● **Work item**
In the listing below, a line holding "Additional property image" and a line holding "Used 2017 Volkswagen" mark the range. Retype both exactly, with all lines between them.

● **Information provided**
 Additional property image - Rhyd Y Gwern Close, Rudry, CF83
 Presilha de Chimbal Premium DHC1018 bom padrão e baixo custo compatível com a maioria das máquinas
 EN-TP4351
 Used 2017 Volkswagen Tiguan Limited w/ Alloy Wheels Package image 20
* * *
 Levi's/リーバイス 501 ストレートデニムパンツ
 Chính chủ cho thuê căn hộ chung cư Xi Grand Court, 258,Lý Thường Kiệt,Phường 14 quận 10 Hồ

● **Solution for this task**
 Additional property image - Rhyd Y Gwern Close, Rudry, CF83
 Presilha de Chimbal Premium DHC1018 bom padrão e baixo custo compatível com a maioria das máquinas
 EN-TP4351
 Used 2017 Volkswagen Tiguan Limited w/ Alloy Wheels Package image 20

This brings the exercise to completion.